عَنْ أَنَسِ بْنِ مَالِكٍ رضي الله عنه أَنَّ النَّبِيَّ صَلَّى اللَّهُ عَلَيْهِ وَسَلَّمَ قَالَ : إِذَا غَشِيَ الرَّجُلُ أَهْلَهَ فَلْيُصْدِقْهَا ، فَإِنْ قَضَى حَاجَتَهُ ، وَلَمْ تَقْضِ حَاجَتَهَا فَلَا يُعَجِّلْهَا
Dari Anas bin Malik RA menyatakan bahwa Rasulullah SAW bersabda, "Ketika seorang suami menggauli istrinya, maka hendaknya ia memberinya cinta dengan tulus (falyashduqha).
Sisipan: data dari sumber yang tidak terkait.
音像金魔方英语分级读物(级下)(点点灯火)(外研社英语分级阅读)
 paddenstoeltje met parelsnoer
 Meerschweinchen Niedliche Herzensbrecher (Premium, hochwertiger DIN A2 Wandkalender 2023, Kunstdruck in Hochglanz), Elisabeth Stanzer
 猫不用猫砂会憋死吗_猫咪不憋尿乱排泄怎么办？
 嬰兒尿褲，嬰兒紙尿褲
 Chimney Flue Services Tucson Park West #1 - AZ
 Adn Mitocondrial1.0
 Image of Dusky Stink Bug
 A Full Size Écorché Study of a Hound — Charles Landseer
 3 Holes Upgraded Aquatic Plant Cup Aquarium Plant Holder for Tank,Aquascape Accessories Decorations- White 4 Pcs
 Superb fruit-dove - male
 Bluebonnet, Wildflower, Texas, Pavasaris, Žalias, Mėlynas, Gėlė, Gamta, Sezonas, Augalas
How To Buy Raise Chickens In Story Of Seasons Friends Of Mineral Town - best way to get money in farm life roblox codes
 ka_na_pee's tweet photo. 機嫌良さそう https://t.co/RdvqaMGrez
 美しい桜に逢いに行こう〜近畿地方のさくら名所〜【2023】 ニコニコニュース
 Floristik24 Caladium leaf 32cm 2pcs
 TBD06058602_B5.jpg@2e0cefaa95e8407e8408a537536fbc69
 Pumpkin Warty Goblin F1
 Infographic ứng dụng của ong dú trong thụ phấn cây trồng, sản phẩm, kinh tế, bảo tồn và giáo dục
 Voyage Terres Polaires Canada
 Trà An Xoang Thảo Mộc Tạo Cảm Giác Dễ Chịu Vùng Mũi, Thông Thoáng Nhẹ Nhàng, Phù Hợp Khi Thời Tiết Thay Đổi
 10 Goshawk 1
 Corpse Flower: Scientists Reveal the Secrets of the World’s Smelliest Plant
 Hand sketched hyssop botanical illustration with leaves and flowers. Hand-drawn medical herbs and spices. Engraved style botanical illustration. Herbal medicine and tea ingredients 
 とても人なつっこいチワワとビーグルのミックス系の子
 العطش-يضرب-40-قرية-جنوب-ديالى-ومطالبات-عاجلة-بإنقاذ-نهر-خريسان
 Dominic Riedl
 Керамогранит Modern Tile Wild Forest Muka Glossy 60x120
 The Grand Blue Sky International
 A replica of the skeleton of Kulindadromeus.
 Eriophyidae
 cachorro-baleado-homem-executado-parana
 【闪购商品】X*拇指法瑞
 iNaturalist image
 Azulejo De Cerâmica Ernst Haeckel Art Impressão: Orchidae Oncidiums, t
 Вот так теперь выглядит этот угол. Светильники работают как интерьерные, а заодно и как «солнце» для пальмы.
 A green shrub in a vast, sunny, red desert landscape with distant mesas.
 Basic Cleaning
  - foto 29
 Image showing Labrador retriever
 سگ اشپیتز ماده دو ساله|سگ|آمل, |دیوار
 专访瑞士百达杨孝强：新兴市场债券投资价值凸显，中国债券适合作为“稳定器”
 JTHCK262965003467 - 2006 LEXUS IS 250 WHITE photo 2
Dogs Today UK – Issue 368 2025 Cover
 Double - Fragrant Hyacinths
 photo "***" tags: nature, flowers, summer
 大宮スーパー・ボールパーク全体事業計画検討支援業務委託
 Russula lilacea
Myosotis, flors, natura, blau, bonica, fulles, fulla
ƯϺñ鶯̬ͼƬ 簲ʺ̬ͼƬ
Kemudian ketika suami telah menyelesaikan hajatnya, maka janganlah terburu-buru untuk mengakhiri sebelum istrinya menuntaskan hajatnya juga.” Demikian itu karena bisa menimbulkan bahaya bagi istri dan menghalanginya untuk menuntaskan syahwat." ( Ibnu Quddamah, al-mughni, Bairut Dar al-fikr, 1405 H, juz VIII, halaman 138).
Menurut Kiai Mahbub, kalimat "Hendaknya dia memberi cinta dengan tulus (falyashduqha)" maksudnya adalah hendaknya dia (suami) menggauli istrinya dengan sungguh-sungguh, perkasa, dan melayani istri di ranjang dengan baik serta penuh kasih sayang. Hal ini mengacu pada penjelasan dalam kitab at-Taysir bi Syarh Jami'i ash-Shaghir karya Abdurrauf al-Munawi.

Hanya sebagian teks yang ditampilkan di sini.